Rachel does get married, but that’s not the whole story. Her sister Kym (Ann Hathaway) (Brokeback Mountain, Becoming Jane), a recovering addict, is released from rehab so she can attend. The outside world is a challenge for any homecoming addict, but more so when your vast Connecticut home is overflowing with strangers working on wedding preparations. Kym’s family welcomes her back, but she feels responsible for a past tragedy, and unresolved issues quickly bubble to the surface. Kym is serious about staying clean and genuinely regrets her past, but her self-centredness and instability make her reintegration a volatile process, often uncomfortable to watch.
It’s not all tension and angst, however. The wedding is a rich, modern fusion of ethnicities, faiths, ages and backgrounds. Rachel, a psychologist, marries Sidney, a black musician with a whole entourage of loving family and friends, and they all mix in harmony—literally, for their eclectic music becomes the movie’s informal score. Tunde Abimpe (playing Sidney) is a Nigerian-American actor and is the real-life lead singer of the real band TV on the Radio. It’s wonderful to wallow in the multicultural warmth and have the conflict centred elsewhere.

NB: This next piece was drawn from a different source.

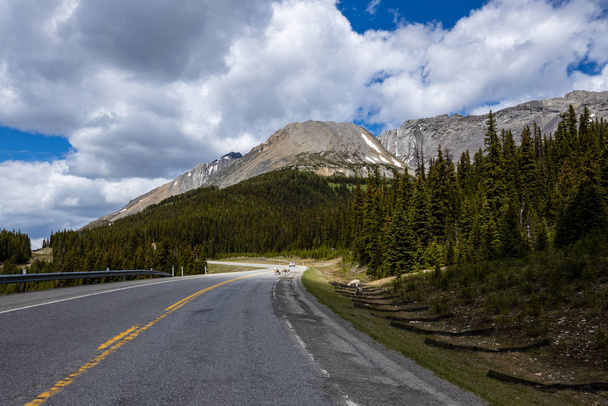 Krajina Skalistých hor v Kanadě - Fotografie, Obrázek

Demme revels in human idiosyncracies and doesn’t shy away from characters that frustrate, particularly at first. Well known for his Oscar-winners, he is lesser known for his non-fiction film-making, and this is his first fictional work since 2004. He opts for a simple, naturalistic style, virtually a home movie in which we become a guest or a family member, privy to the tender and tortuous moments as the event evolves. Demme likes to be surrounded by his own extended family; Bill Irwin (playing Kym’s father) is actually his friend and neighbour, and the marriage celebrant is his cousin. This all creates a sense of authenticity that amplifies emotional involvement.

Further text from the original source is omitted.